13.5 Fitting GP Distributions to the Upper Tail

The GP approach concerns a local, parametric modeling and estimation of the underlying distribution in the upper tail. By using the estimation procedures in Section 13.6, one may fit a GP distribution in two steps.

Firstly, one estimates a GP distribution, say $ W_{\widetilde\gamma,t,\widetilde\sigma}$, within the GP submodel $ \{W_{\gamma,t,\sigma}: \gamma \in \mathbb{R}, \sigma>0\}$, based on the exceedances $ y_1,\dots,y_k$ over a selected threshold $ t$. Notice that the location parameter is equal to the truncation point $ t$, which is also the left endpoint of the estimated GP distribution. The estimated GP df, density, quantile function and mean excess function can be fitted to the empirical df, density, quantile function and mean excess function based on the exceedances $ y_j$.

Secondly, a fit to the original data $ x_1, \dots,x_n$ is achieved by selecting location and scale parameters $ \widehat\mu$ and $ \widehat\sigma$ such that

$\displaystyle W_{\widehat\gamma,\widehat\mu,\widehat\sigma}^{[t]}=W_{\widetilde\gamma,t,\widetilde\sigma}
$

and

$\displaystyle W_{\widehat\gamma,\widehat\mu,\widehat\sigma}(t)= {n-k\over n}\,,
$

where $ n$ is the total sample size and $ k=\sum_{i=1}^n I(t < x_i)$ is the number of exceedances above $ t$. One gets a GP distribution with the same shape as the first one, yet the reparametrized distribution possesses the mass $ 1-k/n$ just as the empirical distribution function of the $ x_i$ above the threshold $ t$. As a result, the reparametrized df, density, quantile function and mean excess function can be fitted to the upper part of the empirical df, density, quantile function and mean excess function based on the original data $ x_i$. Explicitly, one gets the estimators
$\displaystyle \widehat\gamma$ $\displaystyle =$ $\displaystyle \widetilde\gamma,$  
$\displaystyle \widehat\sigma$ $\displaystyle =$ $\displaystyle \widetilde\sigma (k/n)^{\widetilde\gamma},$  
$\displaystyle \widehat\mu$ $\displaystyle =$ $\displaystyle t - {\widetilde\sigma - \widehat\sigma \over \widetilde\gamma}.$  

Figure 13.1 exemplifies this procedure. The left-hand plot shows the empirical df (solid line) based on the exceedances above the threshold $ 1.13$ and a fitted GP df (dotted). The plot on the right-hand side shows the empirical df of the original data set and the reparametrized GP df that fits to the upper tail.

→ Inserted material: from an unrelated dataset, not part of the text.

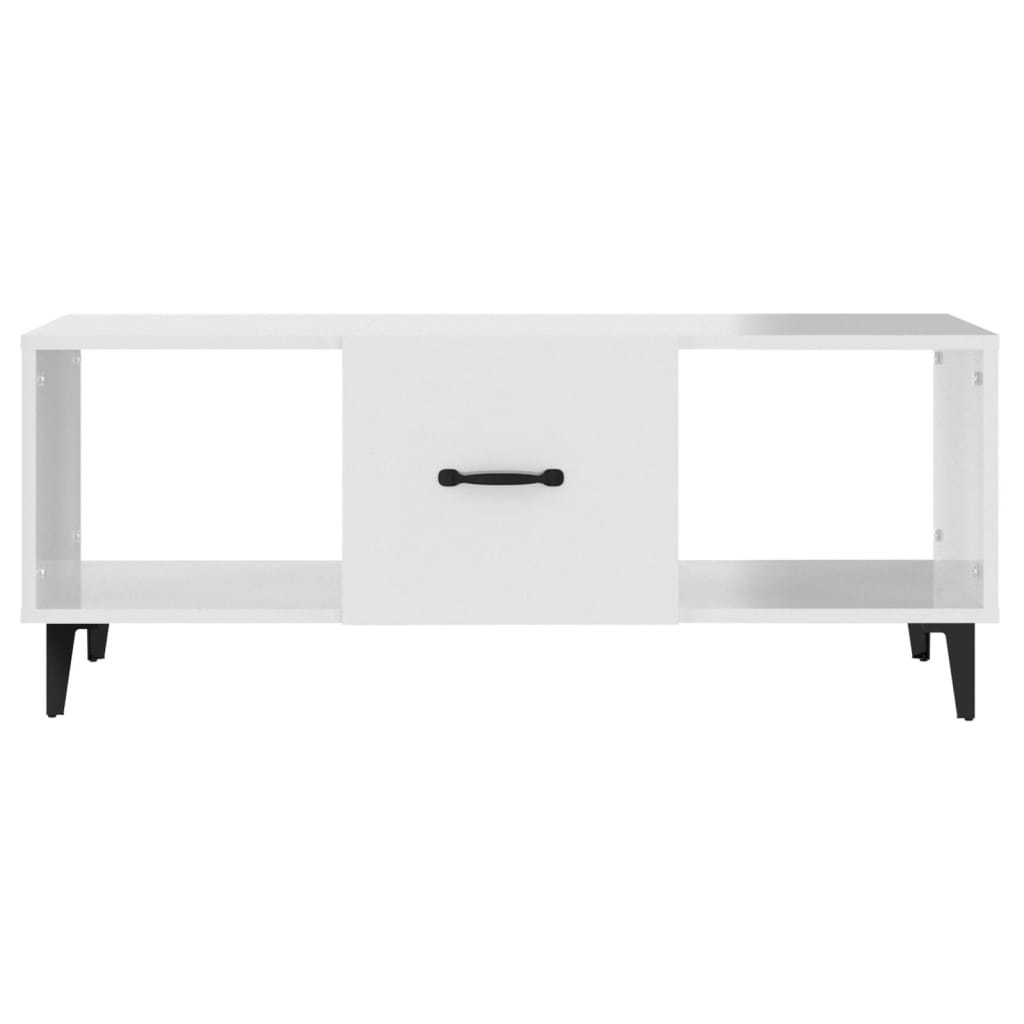 vidaXL Coffee Table High Gloss White 102x50x40 cm Engineered Wood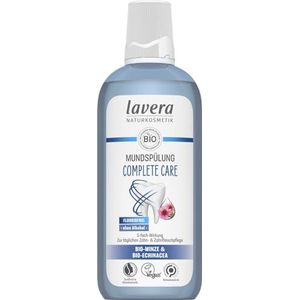 lavera - Mondspoeling Complete Care - 400 ml - Alcoholvrij - Fluoridevrij - Biologische Munt en Echinacea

Figure 13.1: Fitting a GP df to the exceedance df above $ t=1.13$ (left) and fitting a reparametrized GP df to the upper tail of the empirical df of the complete sample (right).
\includegraphics[scale=0.425]{xtrfig1}

Within the GP1-submodel of Pareto dfs $ W_{1,\alpha,0,\sigma}$ with location parameter $ \mu=0$, we have

$\displaystyle W_{1,\alpha,0,\sigma}^{[t]} = W_{1,\alpha,0,t}.
$

After having estimated the shape parameter $ \alpha$, based on the exceedances above the threshold $ t$, one obtains the required scale parameter $ \sigma$ from the relation

$\displaystyle W_{1,\alpha,0,\sigma}(t) = {n-k \over n},
$

which yields the estimator

$\displaystyle \widehat\sigma = t \left({k \over n}\right)^{1/\widehat\alpha}.
$

In our implementation, one has to select the number $ k$ of exceedances. Then, the threshold $ t=x_{n-k+1:n}$ is utilized.